The Essential – This radical proposal totally reimagines Skid Row housing

July 7, 2023

Fast Company

  • Los Angeles‚ CA

KTGY developed ‘The Essential’, a modular building proposal that would create affordable housing, along with community, for LA’s unhoused people.

For decades, Los Angeles’s Skid Row has been bedeviled by challenges around poverty and insufficient housing. Now, there’s renewed focus on making real change in the neighborhood, spurred by newly elected Mayor Karen Bass’s focus on tackling homelessness and a $60 million state grant given to LA County to provide services and interim housing. But as evidenced by the recent collapse of a nonprofit serving the area, providing humane housing, support, and services to the unhoused at scale remains a challenge.

That’s where The Essential, a proposal by national architecture firm KTGY, hopes to help. Utilizing modular building techniques the firm refined with affordable housing developments in LA, including Hope on Alvarado​​, The Essential proposes building a series of 12-story high-rises for the unhoused across Skid Row.

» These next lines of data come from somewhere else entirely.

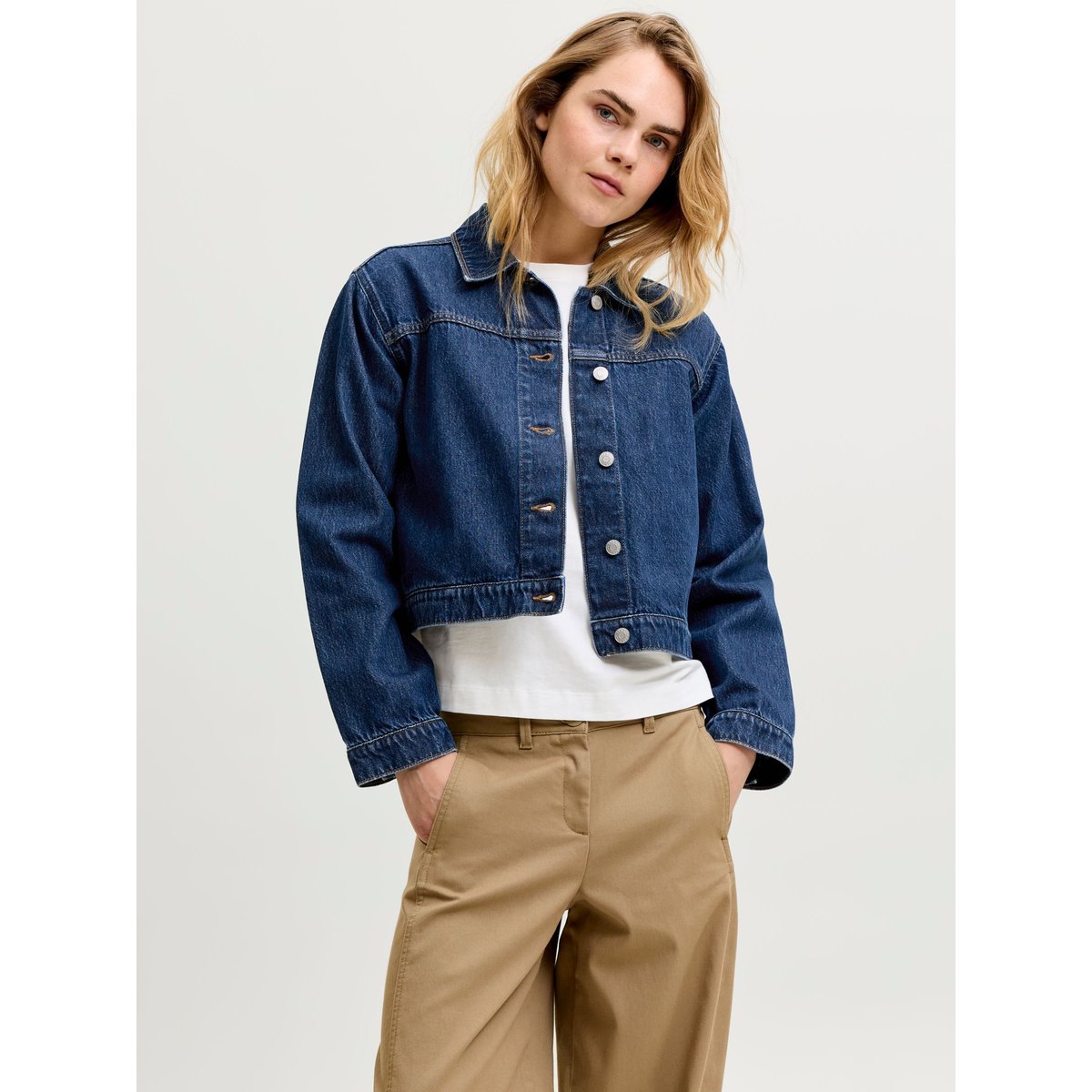 Veste En Jean blue denim, JJXX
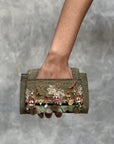 SHEKHA PALM HANDBAG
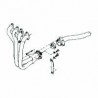 Collecteur Inox OPEL ASTRA F 1L4 8v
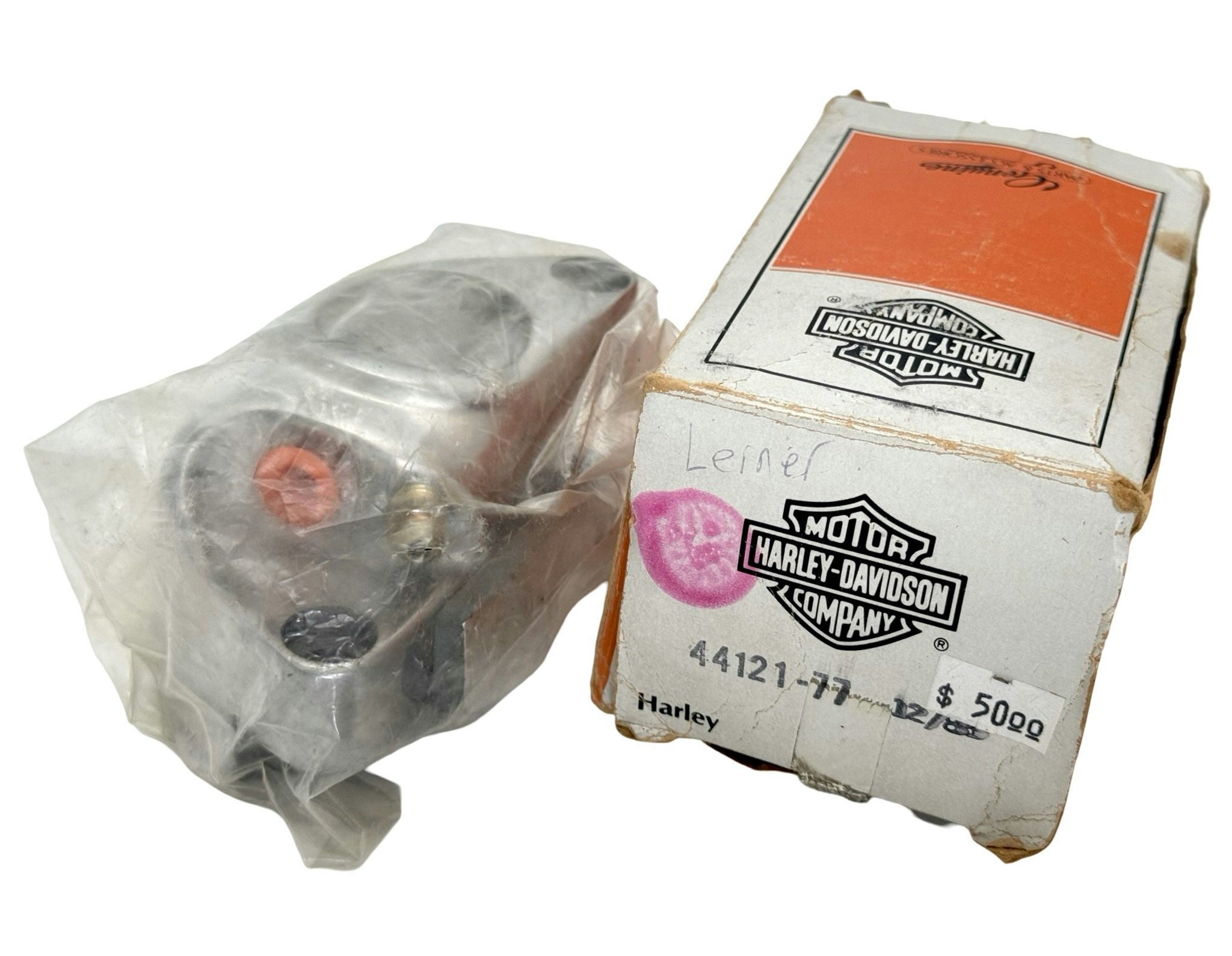 Harley-Davidson 44121-77 Främre kaliper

Designed to fit 335 residents each—with services and amenities like dog parks, libraries, and vocational training centers on the lower floors—each building features adjustable designs meant to accommodate varying lot sizes and entrance configurations. The firm has even scouted 14 underutilized lots within Skid Row, mostly surface parking, with the goal of housing more than 4,000 people (the area’s 2022 homeless count was 4,402 people). Ideally, creating housing at scale and connecting it to social services would help attack some of the root causes of the city’s homelessness crisis, including a dire shortage of affordable housing, a weak safety net, and poor mental health resources.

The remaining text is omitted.